Show every line of the records below that contains the word "pour".

[Brief descriptive captions]
..........
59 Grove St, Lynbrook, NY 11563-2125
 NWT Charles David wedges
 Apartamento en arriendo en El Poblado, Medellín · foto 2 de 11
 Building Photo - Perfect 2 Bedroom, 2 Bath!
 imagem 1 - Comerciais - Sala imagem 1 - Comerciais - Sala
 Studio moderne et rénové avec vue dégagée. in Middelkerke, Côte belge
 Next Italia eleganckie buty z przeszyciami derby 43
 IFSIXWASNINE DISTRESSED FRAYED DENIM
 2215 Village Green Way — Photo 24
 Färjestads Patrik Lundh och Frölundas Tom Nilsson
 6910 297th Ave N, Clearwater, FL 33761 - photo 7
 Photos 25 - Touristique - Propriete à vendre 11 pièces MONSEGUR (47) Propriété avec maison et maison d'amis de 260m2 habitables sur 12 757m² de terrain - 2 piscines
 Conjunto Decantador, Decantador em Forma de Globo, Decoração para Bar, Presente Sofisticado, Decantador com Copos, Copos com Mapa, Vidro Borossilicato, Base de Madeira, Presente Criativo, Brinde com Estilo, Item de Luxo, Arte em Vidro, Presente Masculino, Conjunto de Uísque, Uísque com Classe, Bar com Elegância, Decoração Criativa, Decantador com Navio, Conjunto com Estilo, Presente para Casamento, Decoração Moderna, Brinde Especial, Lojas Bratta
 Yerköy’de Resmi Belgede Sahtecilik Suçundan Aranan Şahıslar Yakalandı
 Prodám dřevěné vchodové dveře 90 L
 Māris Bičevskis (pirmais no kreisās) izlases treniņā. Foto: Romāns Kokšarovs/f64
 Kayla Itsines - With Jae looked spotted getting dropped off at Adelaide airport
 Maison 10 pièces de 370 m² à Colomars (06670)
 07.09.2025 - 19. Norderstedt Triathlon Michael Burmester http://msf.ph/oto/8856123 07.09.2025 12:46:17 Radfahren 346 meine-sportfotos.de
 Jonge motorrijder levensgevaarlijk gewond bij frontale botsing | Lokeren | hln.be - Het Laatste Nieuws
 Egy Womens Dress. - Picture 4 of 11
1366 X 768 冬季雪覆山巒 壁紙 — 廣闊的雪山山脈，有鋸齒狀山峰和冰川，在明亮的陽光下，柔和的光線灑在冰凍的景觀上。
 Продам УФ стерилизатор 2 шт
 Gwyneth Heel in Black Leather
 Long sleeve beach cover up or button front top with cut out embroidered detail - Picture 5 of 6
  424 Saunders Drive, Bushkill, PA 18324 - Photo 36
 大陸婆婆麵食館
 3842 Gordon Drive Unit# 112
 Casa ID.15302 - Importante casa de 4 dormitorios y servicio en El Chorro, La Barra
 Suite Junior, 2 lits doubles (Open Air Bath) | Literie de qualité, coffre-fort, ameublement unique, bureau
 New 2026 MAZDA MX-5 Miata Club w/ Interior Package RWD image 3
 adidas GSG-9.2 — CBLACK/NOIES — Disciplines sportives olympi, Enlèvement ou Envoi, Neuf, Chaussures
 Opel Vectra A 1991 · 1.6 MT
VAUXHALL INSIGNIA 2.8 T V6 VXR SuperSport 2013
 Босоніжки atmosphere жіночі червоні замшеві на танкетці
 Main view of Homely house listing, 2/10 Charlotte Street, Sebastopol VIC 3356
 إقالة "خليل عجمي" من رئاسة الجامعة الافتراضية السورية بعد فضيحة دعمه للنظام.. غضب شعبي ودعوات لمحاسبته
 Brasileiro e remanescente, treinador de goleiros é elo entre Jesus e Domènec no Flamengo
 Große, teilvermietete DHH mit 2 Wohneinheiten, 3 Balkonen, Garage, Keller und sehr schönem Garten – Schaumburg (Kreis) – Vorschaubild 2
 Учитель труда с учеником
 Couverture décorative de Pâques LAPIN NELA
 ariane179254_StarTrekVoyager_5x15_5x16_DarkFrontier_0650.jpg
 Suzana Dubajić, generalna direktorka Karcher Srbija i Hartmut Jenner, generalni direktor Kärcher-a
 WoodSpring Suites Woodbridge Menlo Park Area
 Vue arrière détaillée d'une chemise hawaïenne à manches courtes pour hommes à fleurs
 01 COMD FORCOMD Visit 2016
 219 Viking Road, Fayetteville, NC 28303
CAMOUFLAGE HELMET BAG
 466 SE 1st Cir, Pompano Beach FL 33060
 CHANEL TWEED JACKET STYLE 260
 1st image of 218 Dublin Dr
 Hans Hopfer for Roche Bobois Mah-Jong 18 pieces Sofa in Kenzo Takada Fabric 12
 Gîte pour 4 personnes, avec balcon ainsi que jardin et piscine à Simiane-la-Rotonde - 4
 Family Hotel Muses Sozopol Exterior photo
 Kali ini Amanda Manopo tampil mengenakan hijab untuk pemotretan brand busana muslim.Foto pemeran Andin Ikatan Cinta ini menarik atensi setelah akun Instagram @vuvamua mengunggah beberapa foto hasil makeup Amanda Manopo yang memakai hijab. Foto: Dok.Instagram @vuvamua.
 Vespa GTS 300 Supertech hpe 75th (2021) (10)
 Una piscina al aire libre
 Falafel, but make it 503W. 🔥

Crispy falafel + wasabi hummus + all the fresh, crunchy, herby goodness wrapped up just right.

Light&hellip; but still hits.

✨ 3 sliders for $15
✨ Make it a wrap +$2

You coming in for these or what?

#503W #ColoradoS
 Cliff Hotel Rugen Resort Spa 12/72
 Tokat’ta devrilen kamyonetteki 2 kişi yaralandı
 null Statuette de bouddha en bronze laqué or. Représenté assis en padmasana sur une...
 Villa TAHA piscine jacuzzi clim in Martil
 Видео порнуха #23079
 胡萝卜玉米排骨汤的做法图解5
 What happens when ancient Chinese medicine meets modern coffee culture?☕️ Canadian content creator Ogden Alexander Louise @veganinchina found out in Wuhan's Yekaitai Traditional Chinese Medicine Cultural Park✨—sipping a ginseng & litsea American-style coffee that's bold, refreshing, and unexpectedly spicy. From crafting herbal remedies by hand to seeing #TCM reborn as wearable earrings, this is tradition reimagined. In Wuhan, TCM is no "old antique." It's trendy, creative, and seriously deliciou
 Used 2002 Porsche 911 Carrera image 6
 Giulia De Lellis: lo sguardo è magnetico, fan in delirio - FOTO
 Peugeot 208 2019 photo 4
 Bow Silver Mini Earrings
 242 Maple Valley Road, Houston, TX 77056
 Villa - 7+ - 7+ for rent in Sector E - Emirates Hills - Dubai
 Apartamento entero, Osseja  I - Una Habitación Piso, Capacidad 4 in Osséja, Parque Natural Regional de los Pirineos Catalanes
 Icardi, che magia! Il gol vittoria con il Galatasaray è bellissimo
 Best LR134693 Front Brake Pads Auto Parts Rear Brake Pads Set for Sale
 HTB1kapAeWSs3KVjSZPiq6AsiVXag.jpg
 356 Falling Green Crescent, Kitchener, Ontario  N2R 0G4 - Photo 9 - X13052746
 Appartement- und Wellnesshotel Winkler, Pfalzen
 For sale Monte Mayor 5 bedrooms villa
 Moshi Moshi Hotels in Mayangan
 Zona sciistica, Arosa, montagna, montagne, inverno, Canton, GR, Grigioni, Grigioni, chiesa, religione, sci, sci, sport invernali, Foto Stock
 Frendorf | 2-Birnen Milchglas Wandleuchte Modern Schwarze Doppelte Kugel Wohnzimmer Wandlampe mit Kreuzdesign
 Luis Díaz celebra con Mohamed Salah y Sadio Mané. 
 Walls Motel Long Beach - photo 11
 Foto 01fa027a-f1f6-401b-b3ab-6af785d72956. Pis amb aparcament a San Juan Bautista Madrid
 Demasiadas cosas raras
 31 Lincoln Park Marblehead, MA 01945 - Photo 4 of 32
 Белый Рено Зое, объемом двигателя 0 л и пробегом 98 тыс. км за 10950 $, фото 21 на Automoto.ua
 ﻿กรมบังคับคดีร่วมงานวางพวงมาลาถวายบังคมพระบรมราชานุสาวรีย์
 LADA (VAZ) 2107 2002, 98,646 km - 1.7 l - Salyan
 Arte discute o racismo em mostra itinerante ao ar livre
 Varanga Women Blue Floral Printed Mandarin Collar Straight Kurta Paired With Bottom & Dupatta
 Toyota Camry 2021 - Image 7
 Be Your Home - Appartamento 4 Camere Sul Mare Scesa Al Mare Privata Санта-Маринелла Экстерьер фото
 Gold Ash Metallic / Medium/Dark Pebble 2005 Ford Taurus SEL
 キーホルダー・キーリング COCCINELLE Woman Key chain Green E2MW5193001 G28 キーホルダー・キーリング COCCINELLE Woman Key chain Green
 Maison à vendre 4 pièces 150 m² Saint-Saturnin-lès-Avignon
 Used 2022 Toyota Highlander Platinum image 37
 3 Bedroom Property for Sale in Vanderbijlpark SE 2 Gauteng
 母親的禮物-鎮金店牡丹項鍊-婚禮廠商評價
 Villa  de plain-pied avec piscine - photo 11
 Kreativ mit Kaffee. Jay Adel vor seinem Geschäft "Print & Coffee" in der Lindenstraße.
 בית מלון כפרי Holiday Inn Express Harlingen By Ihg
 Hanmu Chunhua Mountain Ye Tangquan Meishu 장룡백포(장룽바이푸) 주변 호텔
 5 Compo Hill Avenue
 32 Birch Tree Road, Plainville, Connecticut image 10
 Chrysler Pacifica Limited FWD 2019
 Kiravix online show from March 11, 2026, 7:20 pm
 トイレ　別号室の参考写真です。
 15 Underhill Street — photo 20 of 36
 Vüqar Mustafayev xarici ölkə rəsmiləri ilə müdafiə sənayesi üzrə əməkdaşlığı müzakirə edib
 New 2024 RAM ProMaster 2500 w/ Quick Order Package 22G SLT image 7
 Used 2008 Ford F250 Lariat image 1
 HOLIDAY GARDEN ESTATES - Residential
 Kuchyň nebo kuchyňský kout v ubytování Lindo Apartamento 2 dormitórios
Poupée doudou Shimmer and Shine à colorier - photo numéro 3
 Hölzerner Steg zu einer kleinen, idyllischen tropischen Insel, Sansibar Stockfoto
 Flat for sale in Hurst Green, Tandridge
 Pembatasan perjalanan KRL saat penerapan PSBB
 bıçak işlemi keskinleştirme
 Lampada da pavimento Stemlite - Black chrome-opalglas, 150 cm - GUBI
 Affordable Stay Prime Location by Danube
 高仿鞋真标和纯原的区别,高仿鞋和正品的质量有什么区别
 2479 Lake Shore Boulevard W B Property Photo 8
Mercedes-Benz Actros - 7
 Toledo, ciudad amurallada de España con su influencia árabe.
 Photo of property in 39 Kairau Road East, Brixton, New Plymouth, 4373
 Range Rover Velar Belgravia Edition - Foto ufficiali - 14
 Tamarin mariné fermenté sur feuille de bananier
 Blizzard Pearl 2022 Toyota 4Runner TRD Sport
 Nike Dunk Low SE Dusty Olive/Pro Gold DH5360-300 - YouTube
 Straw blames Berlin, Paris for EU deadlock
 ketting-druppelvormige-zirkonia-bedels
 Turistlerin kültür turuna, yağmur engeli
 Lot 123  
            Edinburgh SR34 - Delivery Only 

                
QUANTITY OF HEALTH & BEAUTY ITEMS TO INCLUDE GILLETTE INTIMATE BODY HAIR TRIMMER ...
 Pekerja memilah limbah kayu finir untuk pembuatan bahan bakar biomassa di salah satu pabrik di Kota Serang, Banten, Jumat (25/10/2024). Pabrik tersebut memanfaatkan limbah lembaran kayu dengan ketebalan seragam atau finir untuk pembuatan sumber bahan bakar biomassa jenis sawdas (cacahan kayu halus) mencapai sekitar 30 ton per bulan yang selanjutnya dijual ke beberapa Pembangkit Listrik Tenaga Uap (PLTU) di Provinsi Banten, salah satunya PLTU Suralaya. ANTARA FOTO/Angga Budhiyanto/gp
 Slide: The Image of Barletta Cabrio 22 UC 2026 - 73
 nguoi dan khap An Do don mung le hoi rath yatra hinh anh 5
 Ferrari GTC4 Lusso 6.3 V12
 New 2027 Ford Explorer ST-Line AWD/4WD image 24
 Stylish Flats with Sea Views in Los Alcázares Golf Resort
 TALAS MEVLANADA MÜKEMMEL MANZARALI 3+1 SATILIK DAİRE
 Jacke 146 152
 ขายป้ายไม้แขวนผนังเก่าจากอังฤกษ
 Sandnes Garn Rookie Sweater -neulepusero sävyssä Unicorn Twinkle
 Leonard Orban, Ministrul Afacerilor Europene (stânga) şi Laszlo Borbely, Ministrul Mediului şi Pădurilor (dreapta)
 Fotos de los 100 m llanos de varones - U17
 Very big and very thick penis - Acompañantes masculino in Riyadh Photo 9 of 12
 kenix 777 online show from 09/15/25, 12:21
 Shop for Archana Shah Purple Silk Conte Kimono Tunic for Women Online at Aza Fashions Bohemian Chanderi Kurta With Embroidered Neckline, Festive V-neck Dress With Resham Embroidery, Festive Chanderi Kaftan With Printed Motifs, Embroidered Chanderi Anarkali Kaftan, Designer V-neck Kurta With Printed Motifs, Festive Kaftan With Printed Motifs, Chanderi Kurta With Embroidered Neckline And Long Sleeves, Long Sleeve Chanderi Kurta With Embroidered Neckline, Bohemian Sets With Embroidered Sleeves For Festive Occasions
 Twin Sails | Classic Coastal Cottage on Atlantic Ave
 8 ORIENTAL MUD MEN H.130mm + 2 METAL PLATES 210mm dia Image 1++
..........
**WORKED SOLUTION:**
 Vue arrière détaillée d'une chemise hawaïenne à manches courtes pour hommes à fleurs
 Gîte pour 4 personnes, avec balcon ainsi que jardin et piscine à Simiane-la-Rotonde - 4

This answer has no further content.